Great looking bike!!!!   I love the color combo.  Something you don't see everyday.


----------



## rustjunkie (Feb 14, 2014)

$900 seems close for this ~1939 Cadet Motobike given the condition and color of paint; that green is killer and the striping too. May be missing the chainguard, and the carrier is a replacement. Front wheel may not match the rear? If the carrier was present and the wheels match, $900 wouldn't seem unreasonable.


----------



## Walker (Feb 14, 2014)

Dogleg crank so it probably is missing the chainguard.  Nice looking bike though!


----------



## rustjunkie (Feb 14, 2014)

Walker said:


> Dogleg crank so it probably is missing the chainguard.

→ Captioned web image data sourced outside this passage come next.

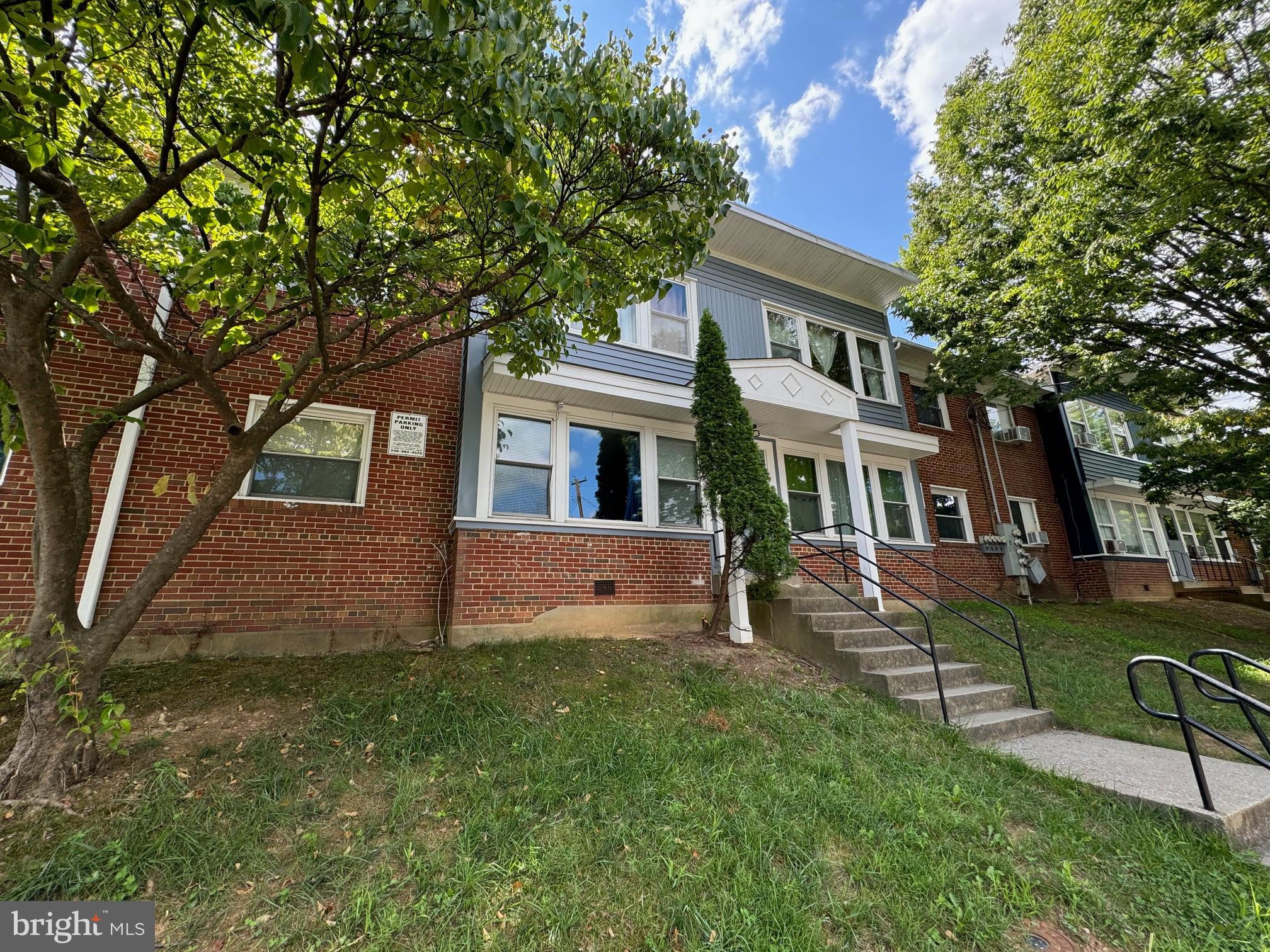 1015 Quebec Terrace Silver Spring, MD 20903 - Photo 2 of 13 a view of a brick house with a yard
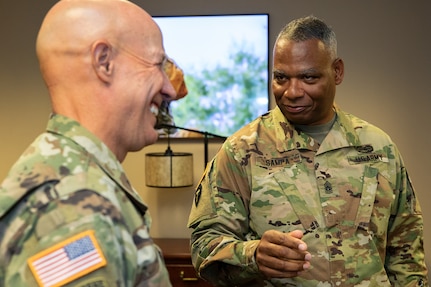 Command Sgt. Maj. John Sampa, 12th Command Sergeant Major of the Army National Guard, right, and Maj. Gen. David C. Coburn, U.S. Army Financial Management Command commanding general, share a moment at the Maj. Gen. Emmett J. Bean Federal Center in Indianapolis June 6, 2019. During his visit, Sampa also met with Command Sgt. Maj. Courtney Ross, USAFMCOM command sergeant major and William Staley, USAFMCOM deputy to the commanding general, to discuss building stronger partnerships between Regular Army and National Guard financial management Soldiers. (U.S. Army photo by Mark R. W. Orders-Woempner)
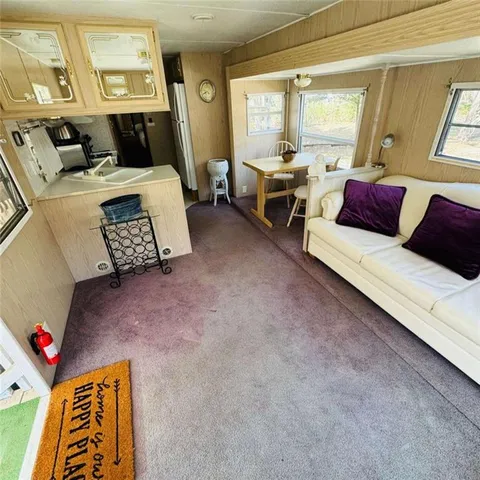 a view of a large white house with a yard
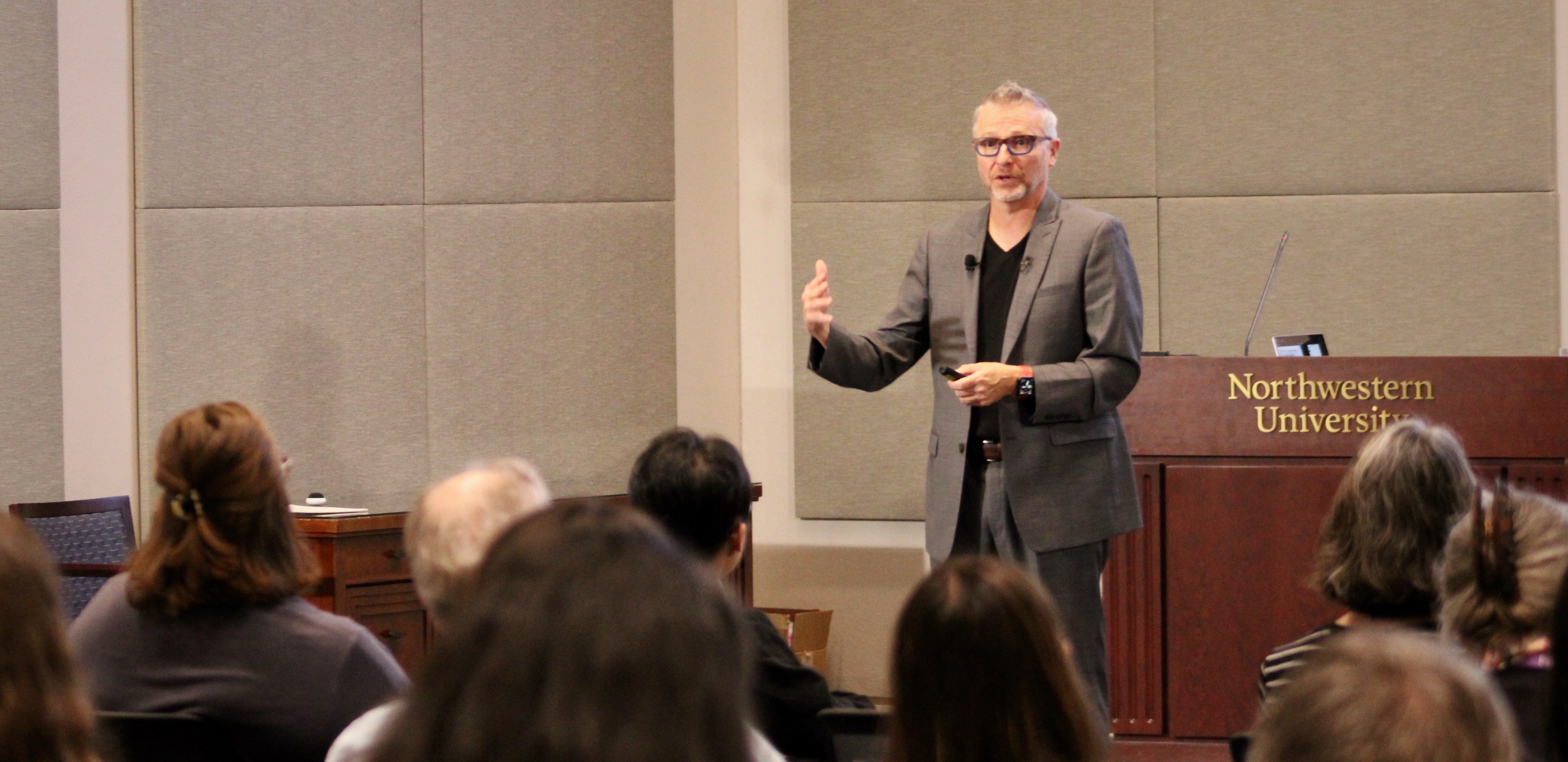 Photo of C. Edward Watson giving a presentation at Northwestern University to a large audience.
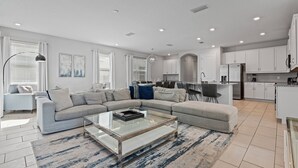 A modern living room with a sectional sofa, a glass coffee table, and a kitchen area with white cabinets and a refrigerator.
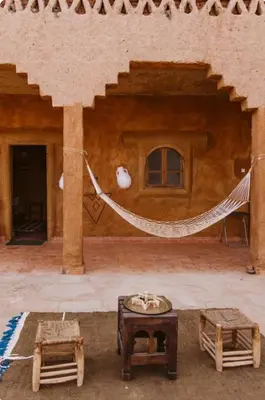 a patio with a hammock and tables in a building at Auberge Itrane merzouga in Merzane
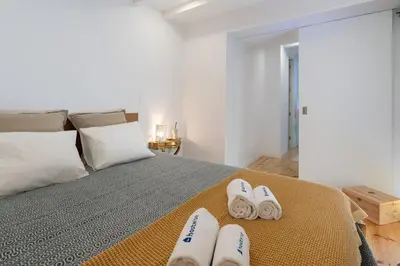 a bedroom with a bed with two pairs of slippers at Host Wise - Sunny Bright Duplexes & Pool in Vila Nova de Gaia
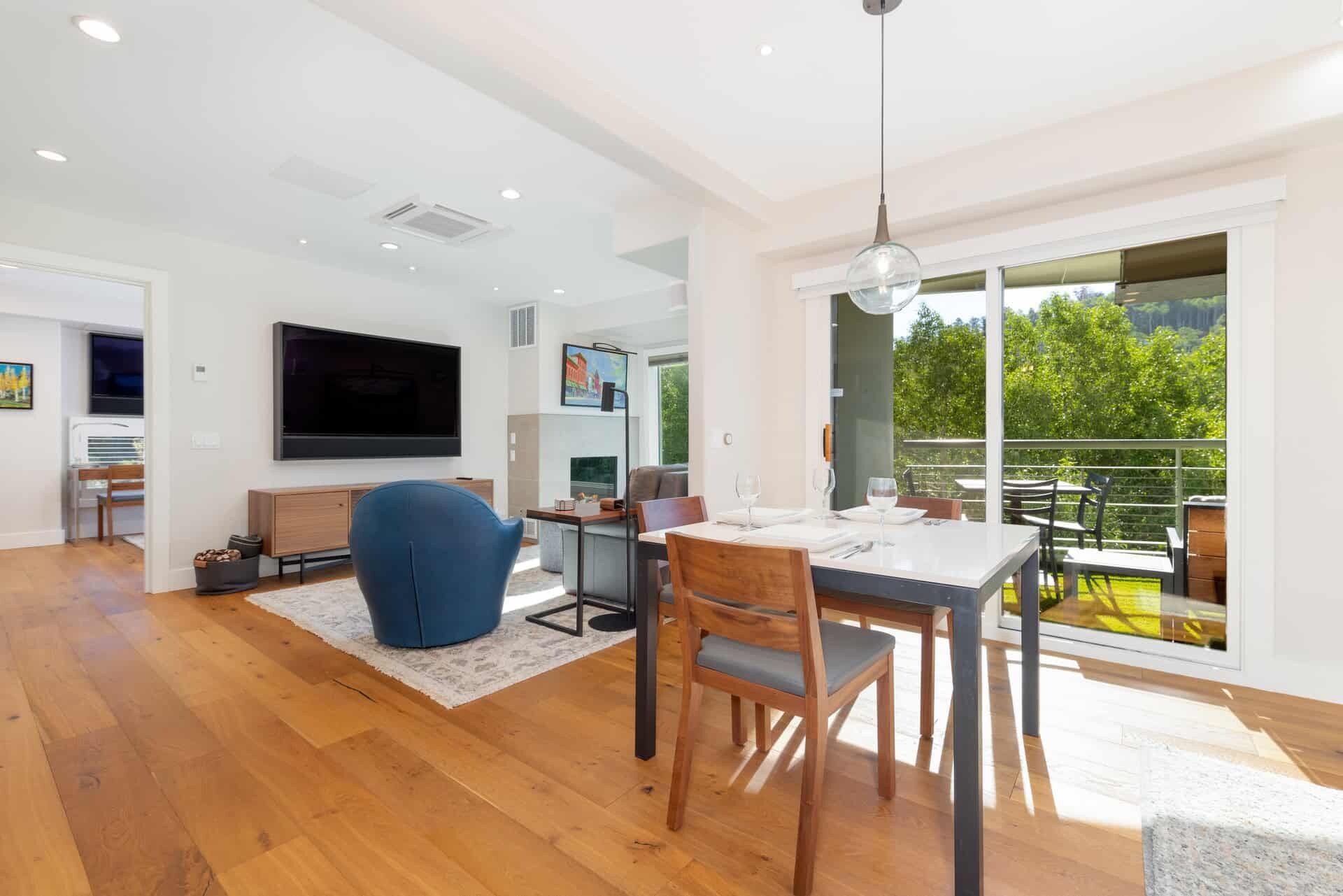 Una sala moderna con un televisor de pantalla plana, un comedor con mesa y sillas, y un balcón con mobiliario exterior.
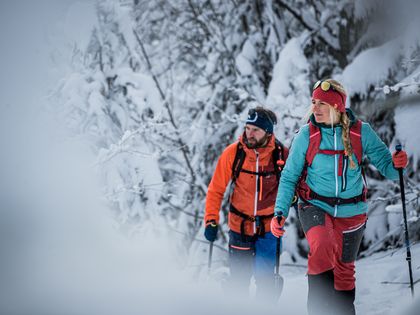 Zwei Personen auf einer Skitour durch eine tief verschneite Winterlandschaft gekleidet in Ortovox 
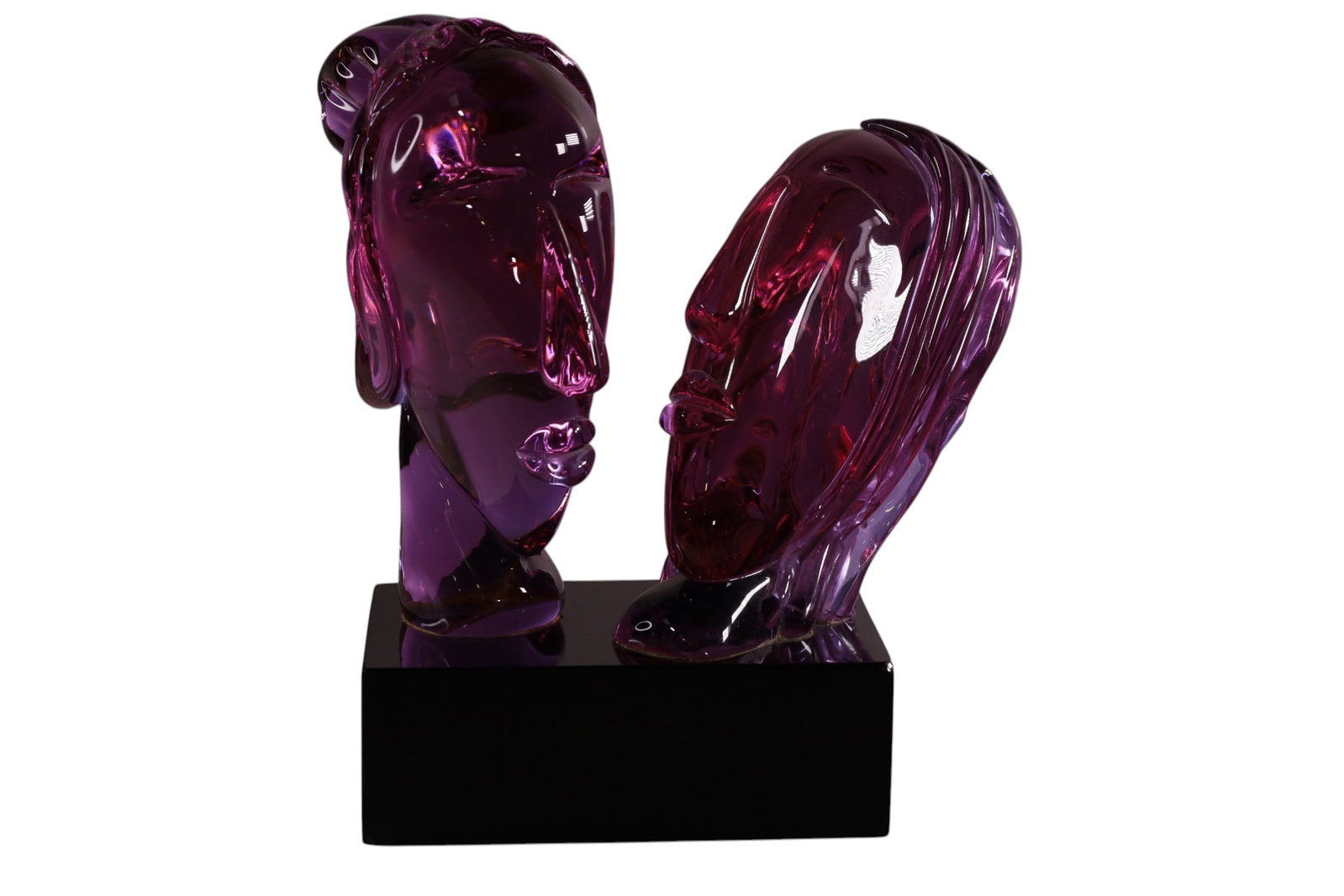 DOUBLE BUST GLASS SCULPTURE: ATTRIBUTED TO SERGIO ROSSI, ART GLASS SCULPTURE, CHIP TO ONE CORNER OF BASE. 9 1/4" W x 5 3/4" D BASE & 14" H. THIS ITEM EXCEEDS SIZE LIMITATIONS FOR IN HOUSE SHIPPING, MUST BE PICKED UP IN HOUSE OR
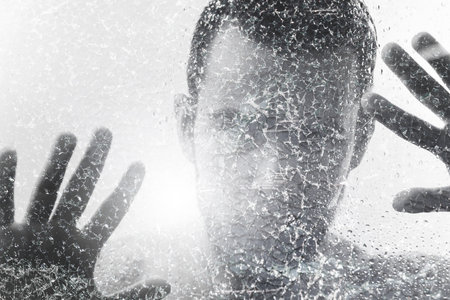 Man behind wet and cracked glass. Concepts of mental disorder or other social issues affecting human personalityの写真素材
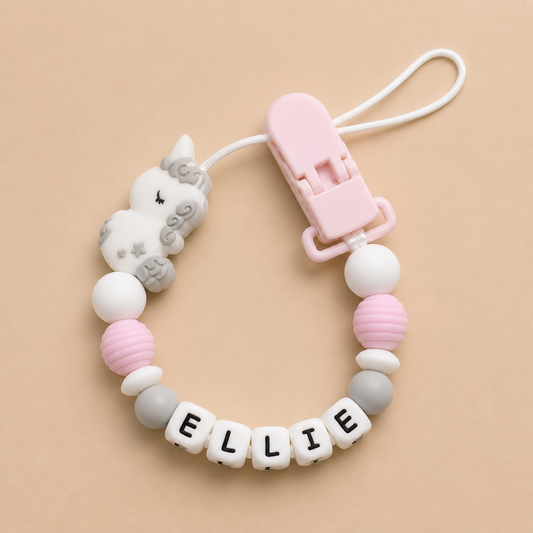 Baby dummy clip with name 'ELLIE' on a beige background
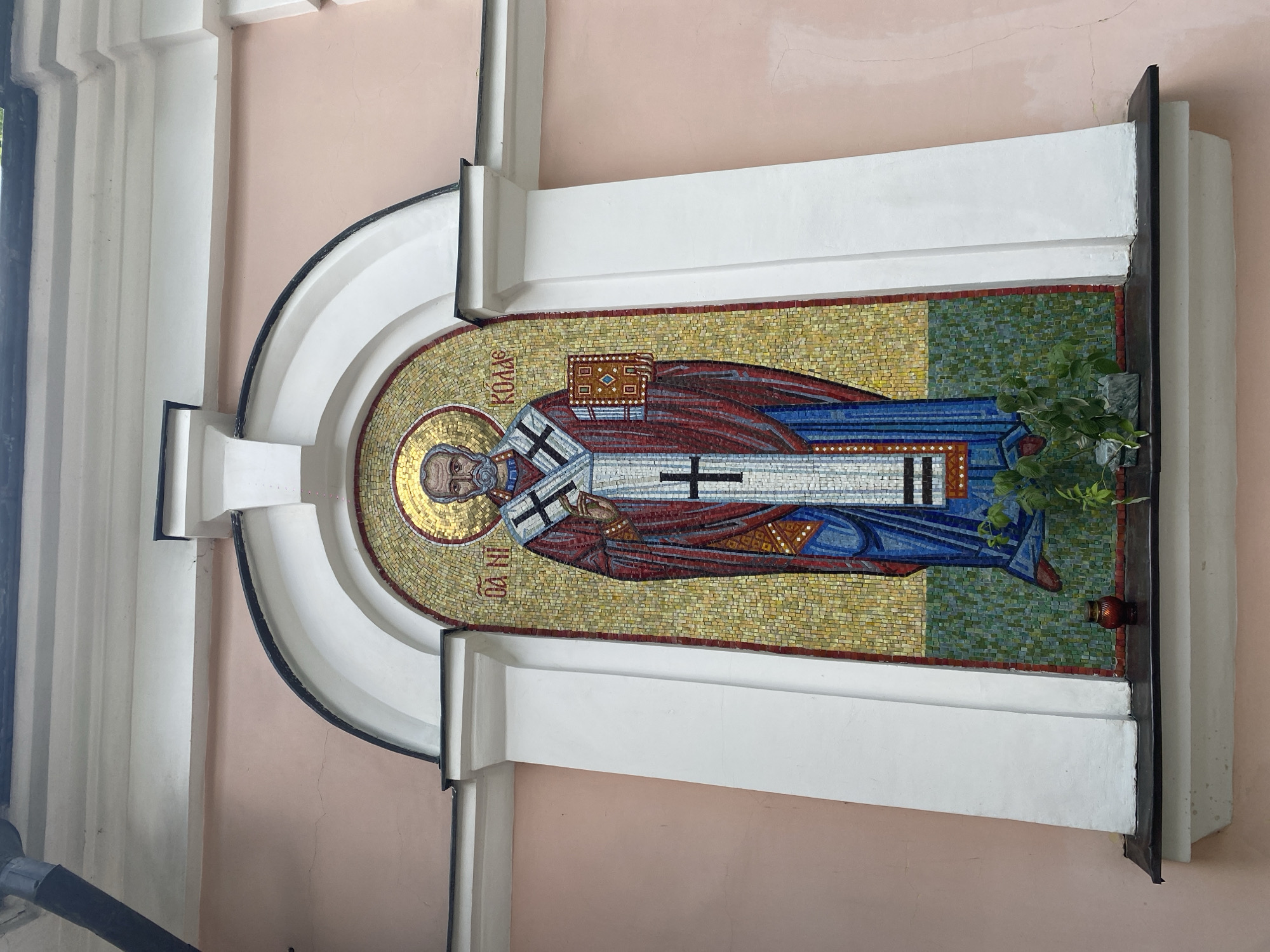 This image shows an exterior mosaic of Saint Nicholas on the facade of a building in Khimki, Russia. The mosaic depicts Saint Nicholas in traditional religious attire, including a red and blue robe adorned with crosses, and holding an open book. He has a white beard and is surrounded by a golden halo. The mosaic is set within an arched niche framed by white architectural elements and is mounted on a light pink building. A small, dark green plant is visible growing from a ledge below the mosaic, next to a red votive candle in a glass holder. The overall scene is one of religious art and architecture.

AFAIK these Motobikes all came with the same crank, CG or no. Here's pics, including one that looks similar to that in the OP, one exception being that it is an earlier model:


----------



## TheFizzer (Feb 14, 2014)

I have one last pic of the bike.  Not sure about the bars & grips either.  Supposedly this is a one owner bike.


----------



## frankster41 (Feb 14, 2014)

This was posted in the for sale section for $900 and ended up getting parted out within the last month a nice original
http://thecabe.com/vbulletin/showthread.php?40192-prewar-Rollfast-Zep-ish-project&highlight=rollfast


----------



## rustjunkie (Feb 14, 2014)

TheFizzer said:


> I have one last pic of the bike.  Not sure about the bars & grips either.  Supposedly this is a one owner bike.




Looks like the fender has been painted ivory?


----------



## vincev (Feb 14, 2014)

I would be happy at $750


----------



## RustyK (Feb 15, 2014)

The paint is really sweet on this one.


----------